Je rejette cette idée : 20 % de notre population est arabe, tous ont les droits de citoyenneté, certains sont médecins, soldats, parlementaires… Je veux montrer un portrait plus juste de mon pays. Les amateurs de sport n’ont pas de préjugés. Au bord des routes françaises, tout ce que j’ai entendu, c’est : « Israël, allez, allez ! » Mon expérience me fait dire que nous avons plus d’amis que d’opposants. Simplement, ces derniers sont très bruyants. Nous sommes prêts à vivre en paix avec nos voisins.
Y a-t-il des Arabes israéliens dans l’équipe ?
L’année dernière, nous avions un coureur druze dans celle des moins de 23 ans. On a des écoles pour faire connaître le vélo aux jeunes des communautés arabes. Rien ne me rendra plus fier que d’avoir un coureur israélo-arabe, ou même palestinien.
Le 31 juillet, le PSG affrontera Nantes à Tel-Aviv à l’occasion du Trophée des champions. Cela poursuit la même idée de promotion d’Israël ?
Tout à fait. À lui seul, Lionel Messi a 230 millions de followers sur les réseaux sociaux. C’est une audience immense à conquérir. On attend 400 millions de téléspectateurs, autant de visiteurs potentiels.
Irez-vous encore plus loin ?
Oui. En 2026, la Coupe du monde sera partagée entre le Canada, les États-Unis et le Mexique. Sur ce modèle, Israël pourrait l’organiser avec ses voisins. Avec Gianni Infantino [le président de la Fifa ], on s’est déjà rencontré quelques fois. Peut-être qu’on en discutera au Qatar ; j’y suis invité pour la Coupe du monde grâce à mes activités sportives. L’entente entre nos pays est meilleure que vous pourriez le penser.

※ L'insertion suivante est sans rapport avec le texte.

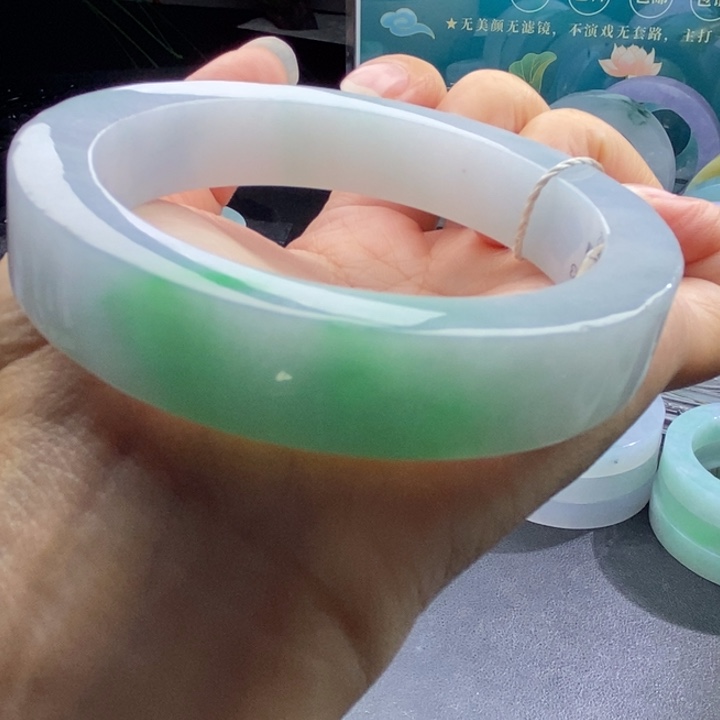 定制翡翠未镶嵌胶润甜阳绿56-58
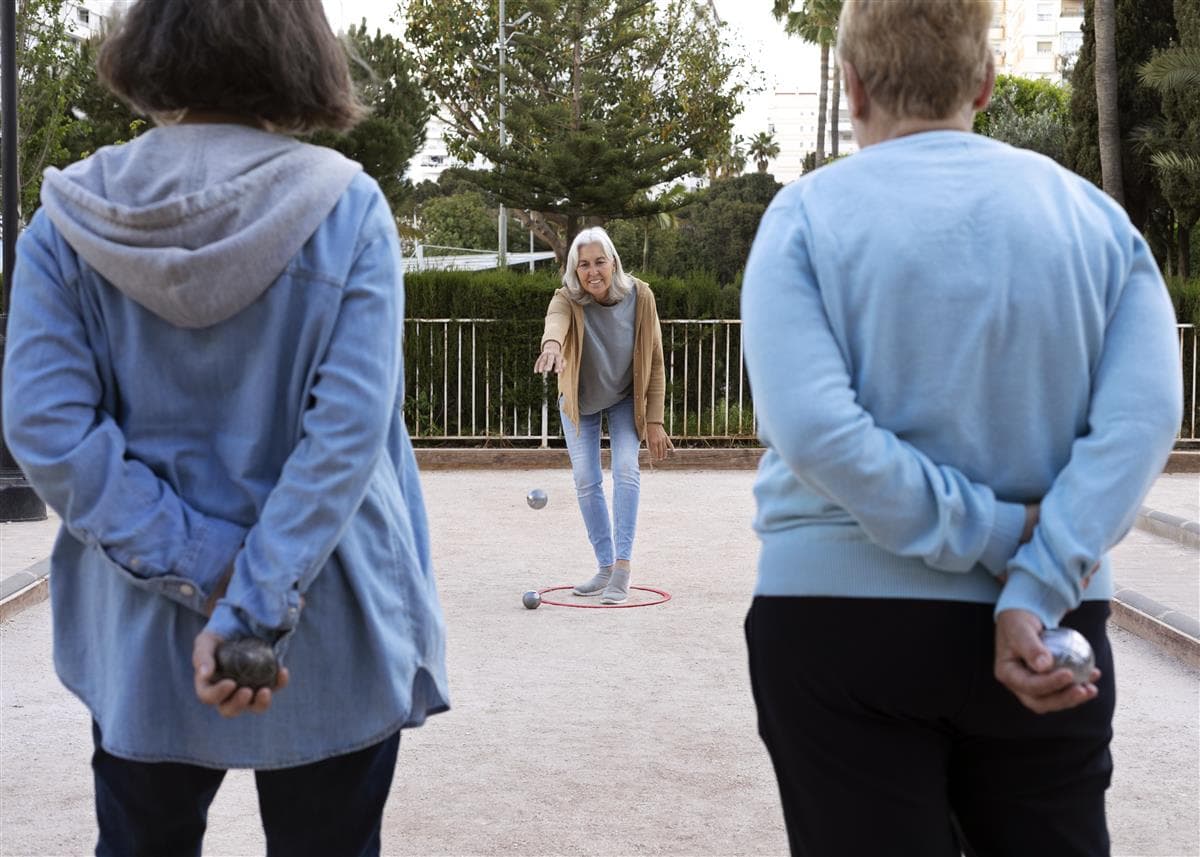 elderly-friends-playing-petanque (2)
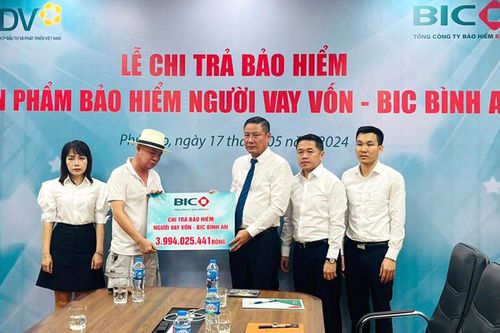 Chi trả gần 4 tỷ đồng quyền lợi bảo hiểm cho khách hàng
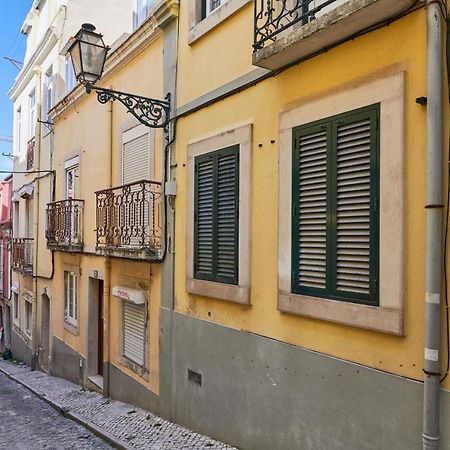 Idyllic Lisbon Apartments With Amazing Courtyard, By Timecooler Экстерьер фото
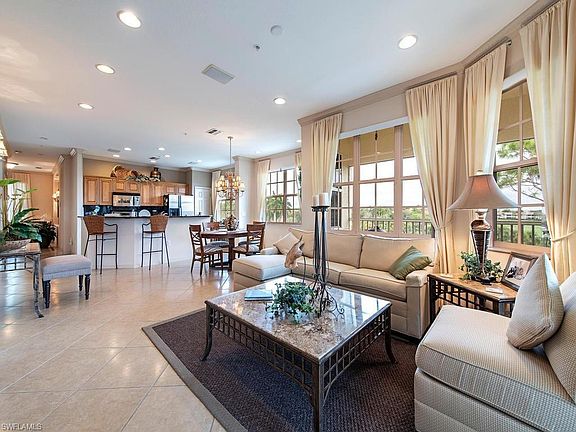 4th image of 4834 Hampshire Ct APT 201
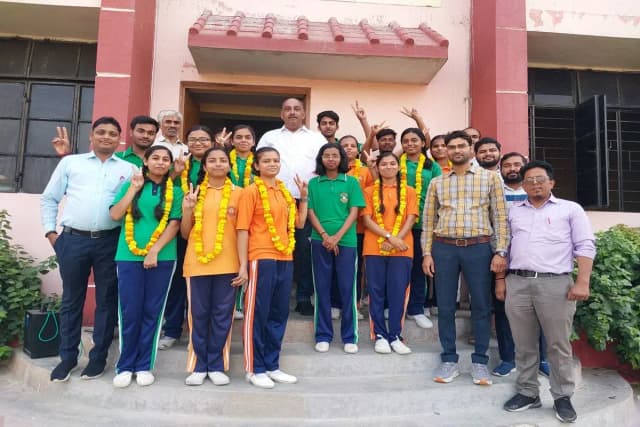 Chandauli News: सीबीएसई इंटर हाईस्कूल की परीक्षा में सर्वश्रेष्ठ प्रदर्शन कर छात्रों ने विद्यालय का नाम रोशन किया.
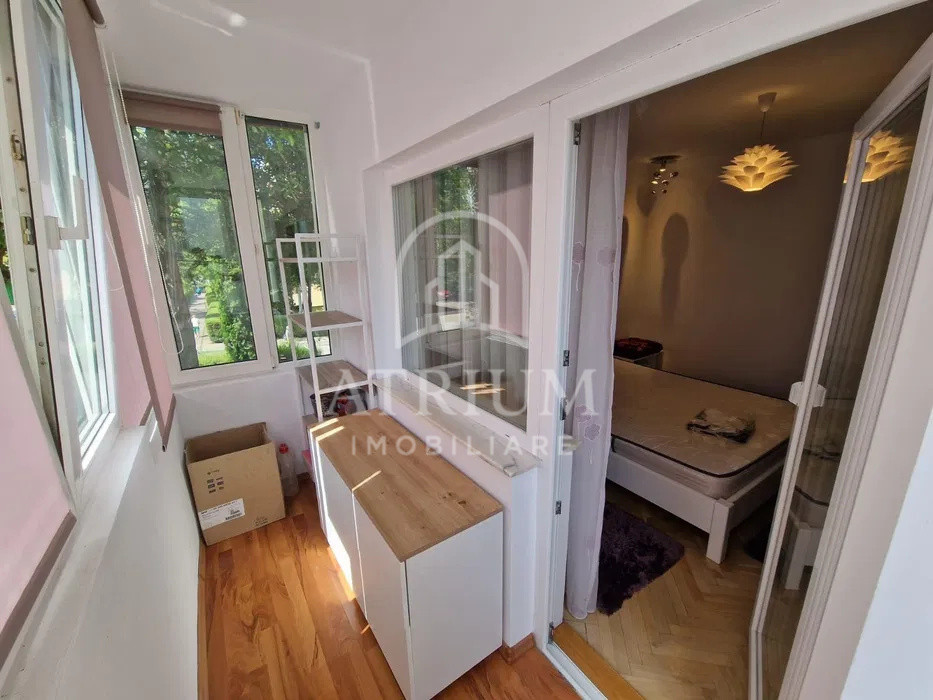 Închiriere apartament 3 camere decomandate, loc de parcare, zona Zorilor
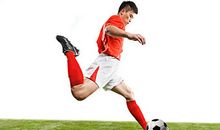 描写踢足球的片段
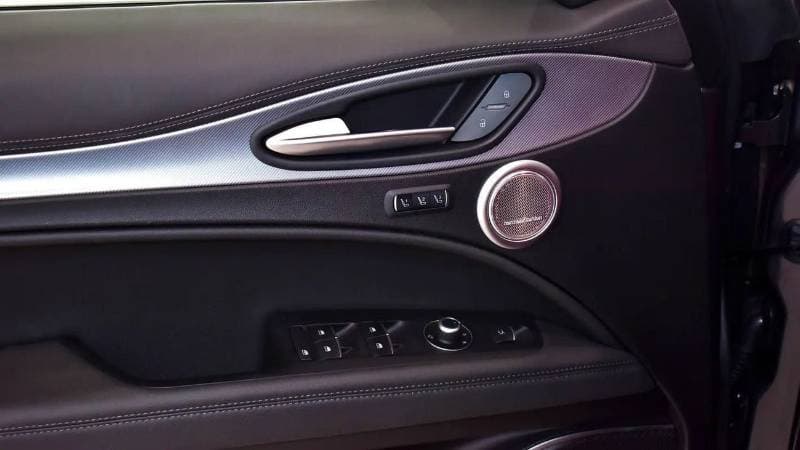 2022 Alfa Romeo Stelvio VELOCE thumbnail 7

Vous êtes d’ailleurs favorable à l’intégration d’Israël, qui dispute aujourd’hui les éliminatoires en Europe, dans la zone Moyen-Orient ?
Il faut l’envisager. En Europe, nous n’avons aucune chance de qualification. Or, notre région s’ouvre à nous. Grâce aux accords d’Abraham signés en 2020, nous avons des relations avec Bahreïn et les Émirats arabes unis, en plus de l’Égypte et de la Jordanie. Nous parlons presque ouvertement avec les Saoudiens. Leur ministère des Sports m’a d’ailleurs fait savoir que mon équipe serait bienvenue au Tour d’Arabie saoudite en 2023. Au Tour des Émirats, des jeunes faisaient la queue pour recevoir un bidon souvenir avec le nom d’Israël marqué dessus.
Il reste des obstacles, avec l’Iran notamment.
La population iranienne n’est pas contre Israël. Si ce n’était leur gouvernement fanatique, nous aurions des relations, comme au temps du Shah. Si un Iranien refusait d’affronter l’un des nôtres aux Jeux olympiques, je mettrais toute la délégation à la porte. Le sport ne doit pas être politisé. On me demande souvent si je fais de la politique, la réponse est non. J’utilise le sport à des fins diplomatiques, c’est différent. Dans les années 1970, les États-Unis ont procédé à un échange de pongistes avec la Chine pour briser la glace. C’est un outil très puissant. Je suis fier de ma petite contribution au processus de paix et d’amitié.
L’objectif ultime, c’est d’amener le Tour de France en Israël ?
Je connais très bien la direction de l’épreuve et ses propriétaires, la famille Amaury. La demande a été faite. Jusque-là, je n’ai pas eu de succès mais je suis persévérant. Je veux le départ en Israël.